Pictures with short captions:
● ● ●

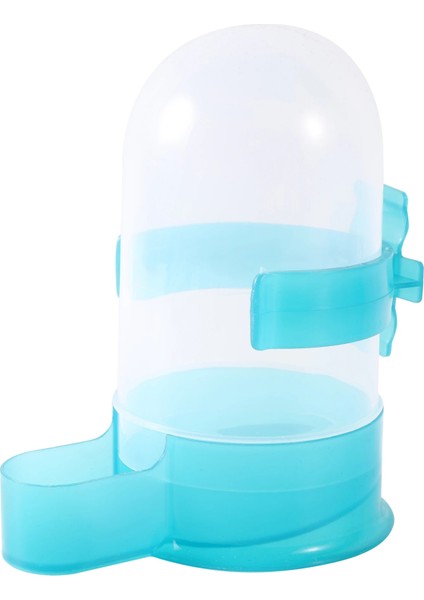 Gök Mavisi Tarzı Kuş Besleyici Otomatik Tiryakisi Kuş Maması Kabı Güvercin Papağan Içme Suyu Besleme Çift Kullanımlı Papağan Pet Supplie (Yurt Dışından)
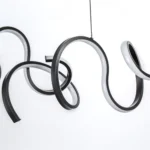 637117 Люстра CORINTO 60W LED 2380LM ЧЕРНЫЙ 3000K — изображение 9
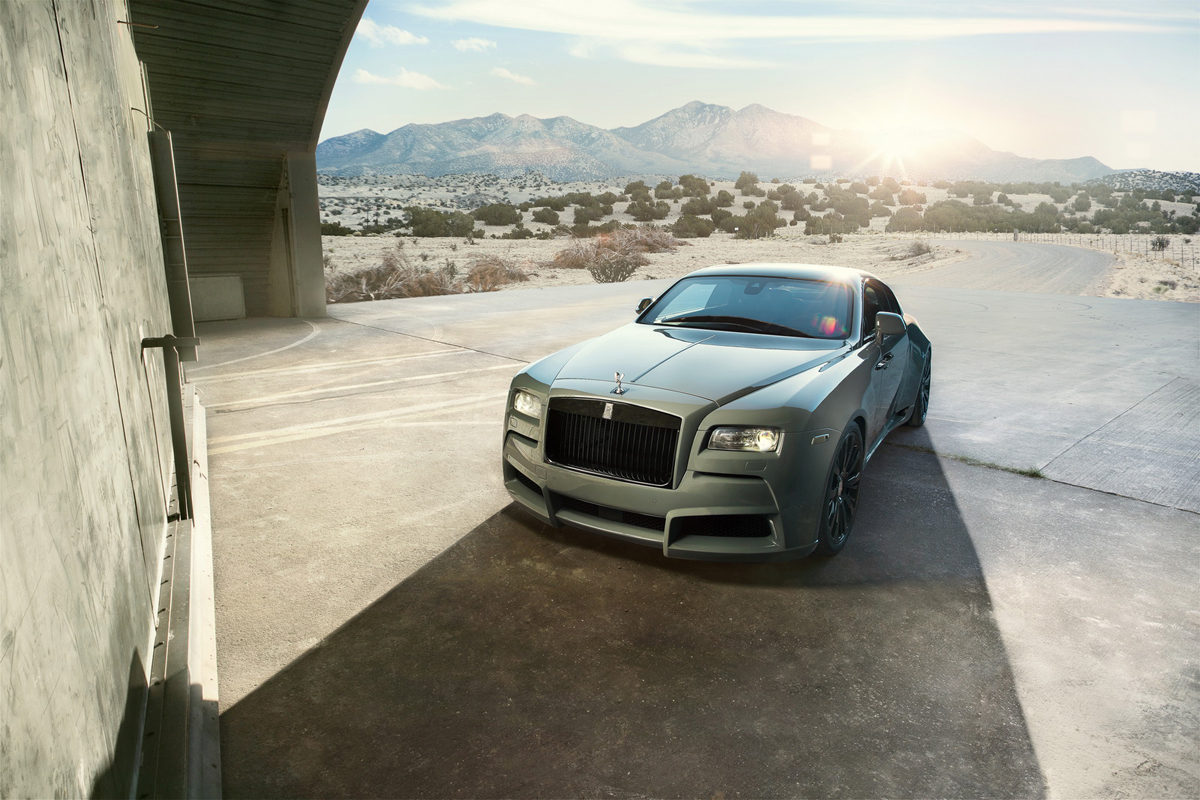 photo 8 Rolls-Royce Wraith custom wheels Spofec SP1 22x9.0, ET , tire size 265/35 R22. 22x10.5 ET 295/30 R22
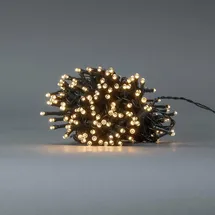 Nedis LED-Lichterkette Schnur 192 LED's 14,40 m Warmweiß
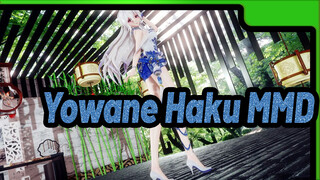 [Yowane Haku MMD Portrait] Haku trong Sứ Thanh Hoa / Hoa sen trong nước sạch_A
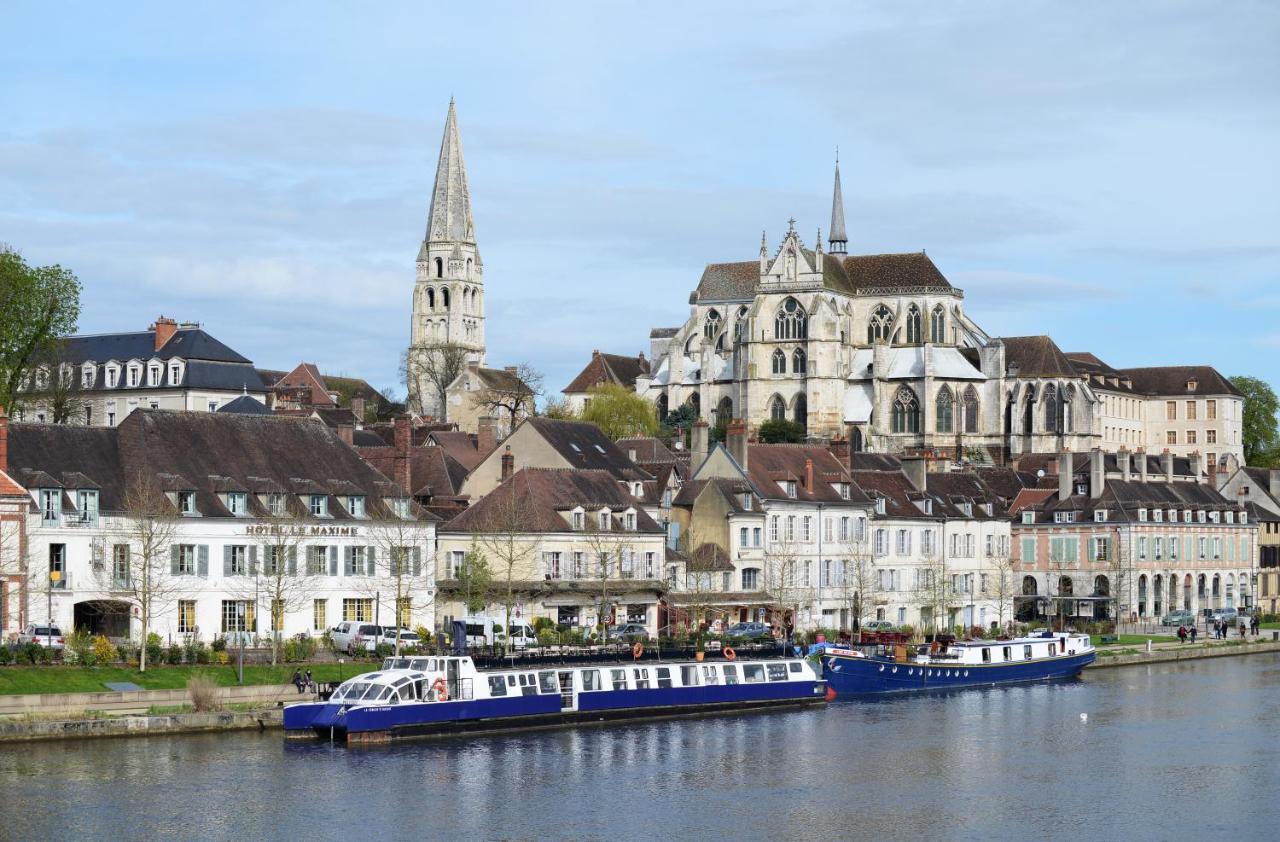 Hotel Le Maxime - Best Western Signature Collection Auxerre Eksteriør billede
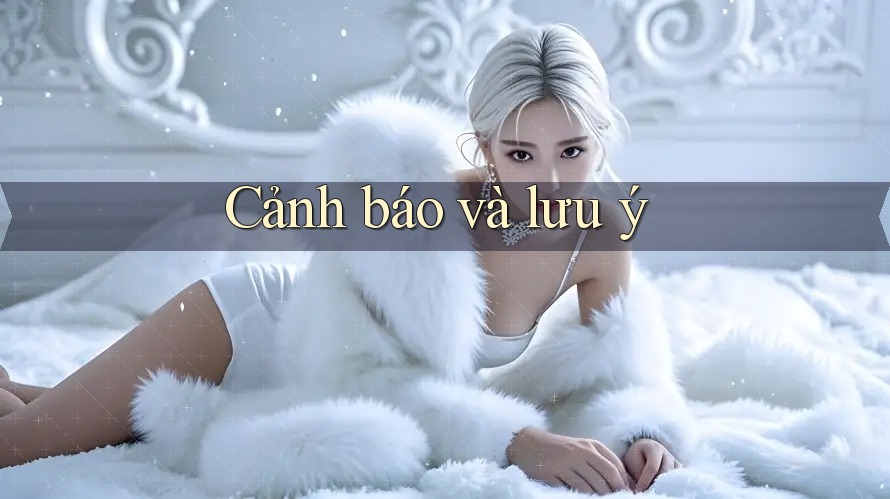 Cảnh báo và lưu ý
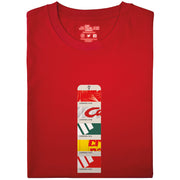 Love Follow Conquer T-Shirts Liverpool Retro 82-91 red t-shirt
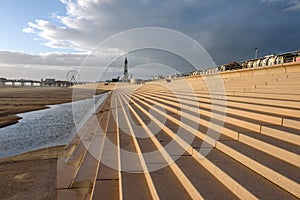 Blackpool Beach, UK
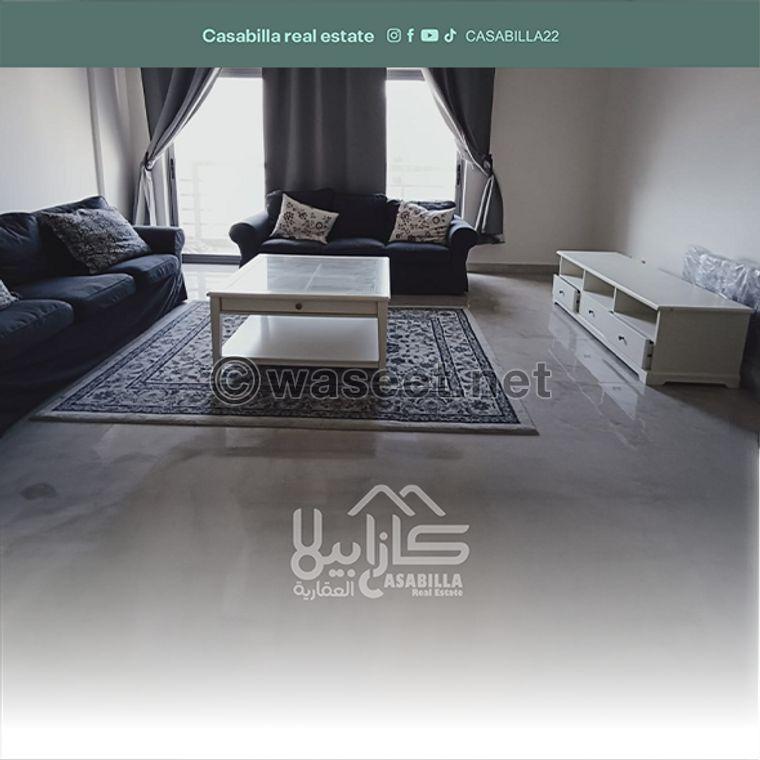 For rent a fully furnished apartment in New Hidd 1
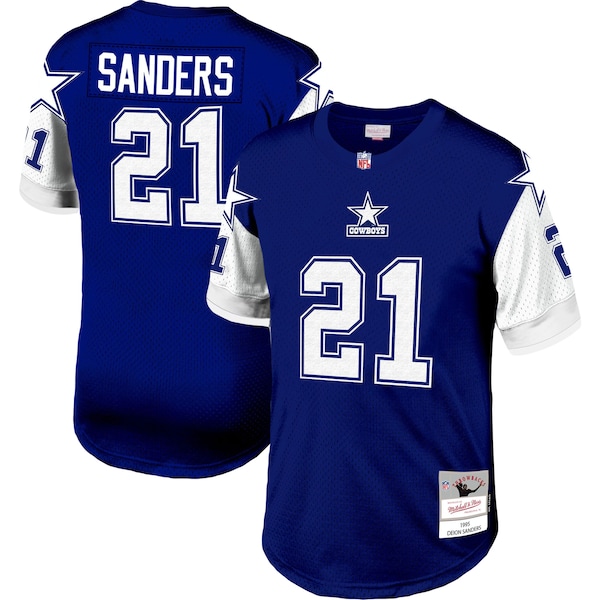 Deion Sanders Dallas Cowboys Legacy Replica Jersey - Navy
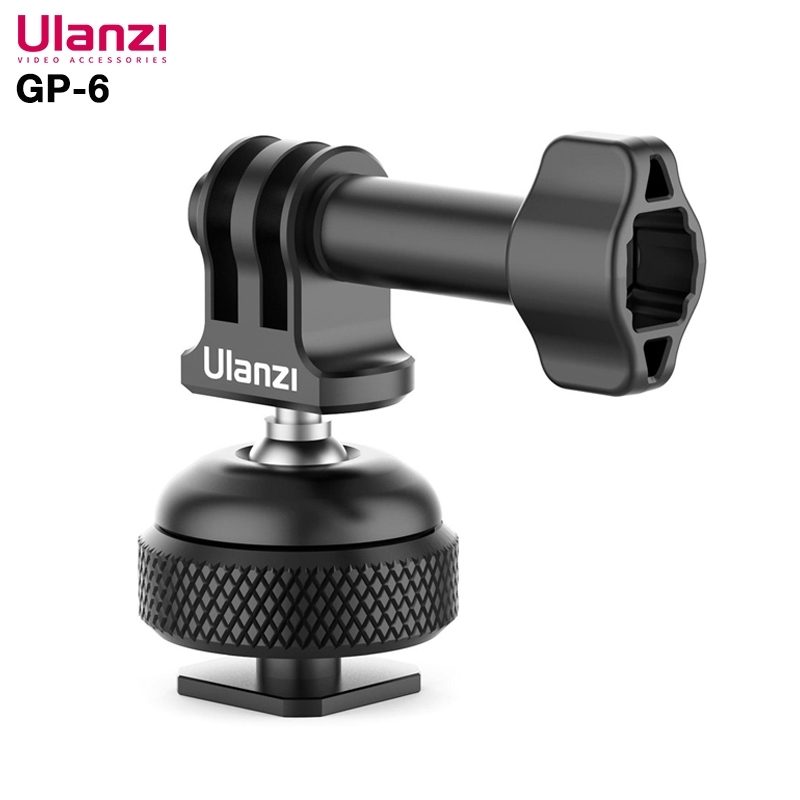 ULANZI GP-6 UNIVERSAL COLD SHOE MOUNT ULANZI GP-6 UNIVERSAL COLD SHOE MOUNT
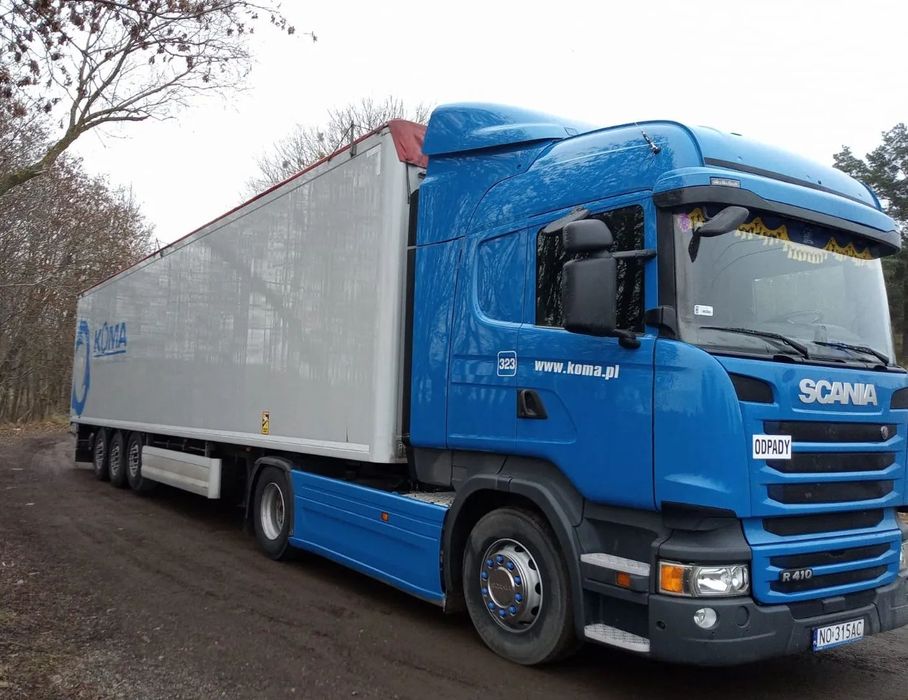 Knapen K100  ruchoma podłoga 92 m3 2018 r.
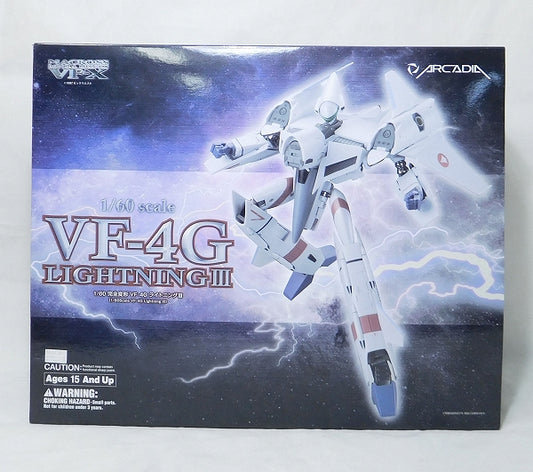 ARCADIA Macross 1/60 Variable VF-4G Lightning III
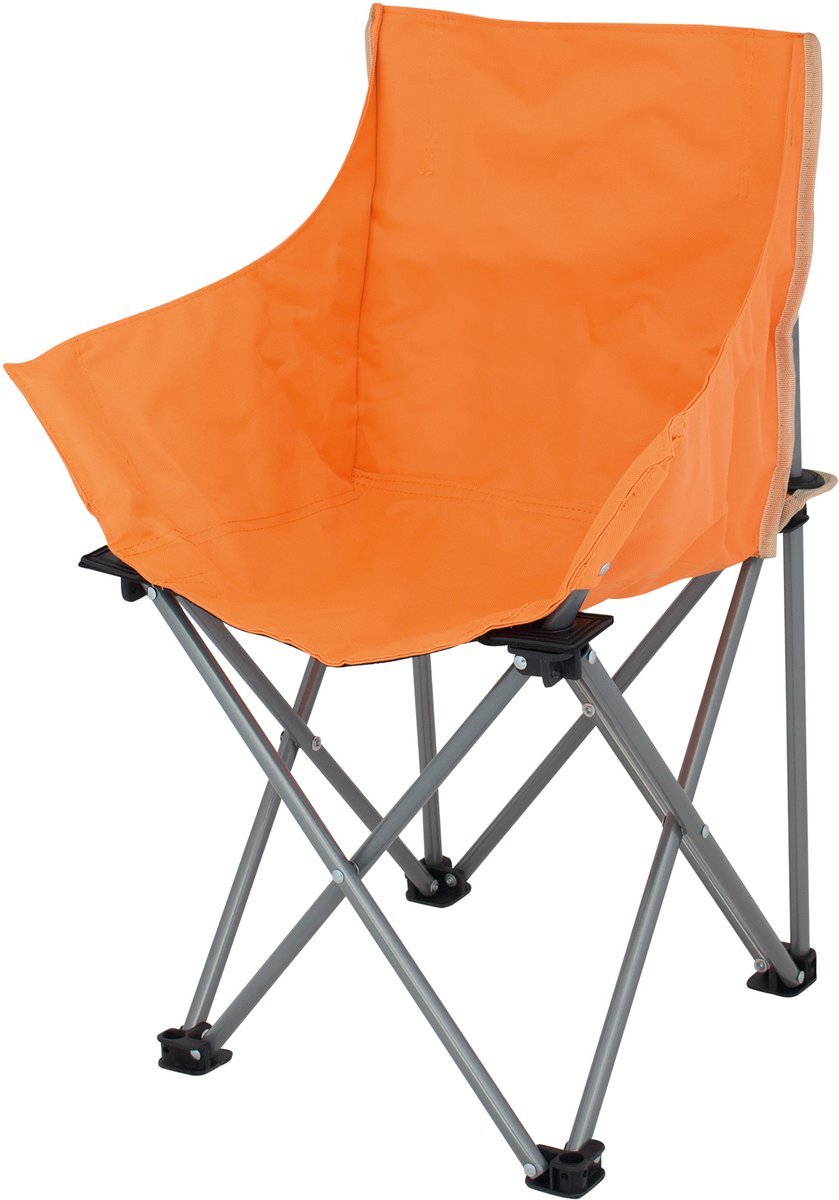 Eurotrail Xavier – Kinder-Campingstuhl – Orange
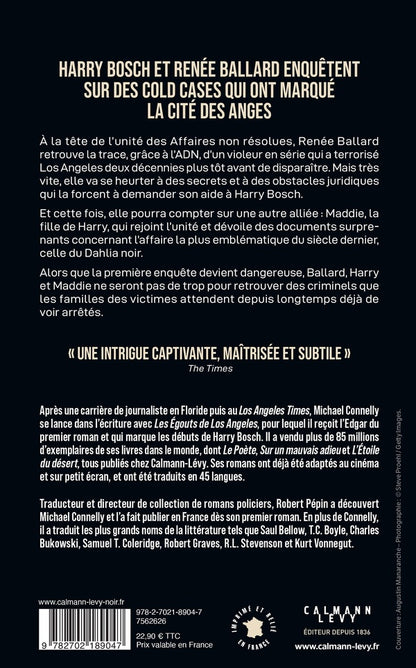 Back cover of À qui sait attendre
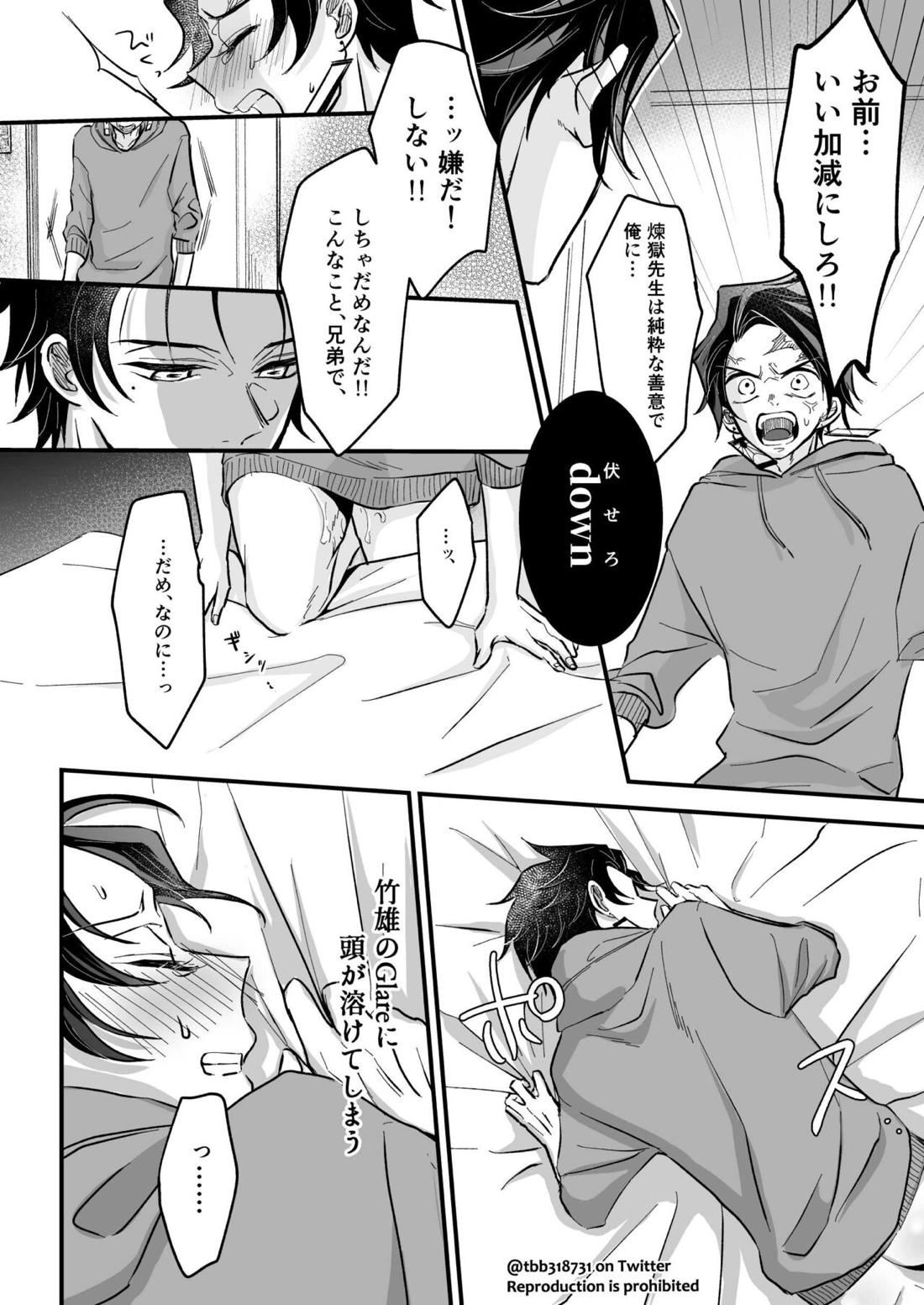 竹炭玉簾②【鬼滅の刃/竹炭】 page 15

● ● ●

→ YOUR GOAL: Now transcribe all the entries above exactly, so that no picture is carried over.

→ WRITTEN RESPONSE:
 Gök Mavisi Tarzı Kuş Besleyici Otomatik Tiryakisi Kuş Maması Kabı Güvercin Papağan Içme Suyu Besleme Çift Kullanımlı Papağan Pet Supplie (Yurt Dışından)
 637117 Люстра CORINTO 60W LED 2380LM ЧЕРНЫЙ 3000K — изображение 9
 photo 8 Rolls-Royce Wraith custom wheels Spofec SP1 22x9.0, ET , tire size 265/35 R22. 22x10.5 ET 295/30 R22
 Nedis LED-Lichterkette Schnur 192 LED's 14,40 m Warmweiß
 [Yowane Haku MMD Portrait] Haku trong Sứ Thanh Hoa / Hoa sen trong nước sạch_A
 Hotel Le Maxime - Best Western Signature Collection Auxerre Eksteriør billede
 Cảnh báo và lưu ý
 Love Follow Conquer T-Shirts Liverpool Retro 82-91 red t-shirt
 Blackpool Beach, UK
 For rent a fully furnished apartment in New Hidd 1
 Deion Sanders Dallas Cowboys Legacy Replica Jersey - Navy
 ULANZI GP-6 UNIVERSAL COLD SHOE MOUNT ULANZI GP-6 UNIVERSAL COLD SHOE MOUNT
 Knapen K100  ruchoma podłoga 92 m3 2018 r.
 ARCADIA Macross 1/60 Variable VF-4G Lightning III
 Eurotrail Xavier – Kinder-Campingstuhl – Orange
 Back cover of À qui sait attendre
 竹炭玉簾②【鬼滅の刃/竹炭】 page 15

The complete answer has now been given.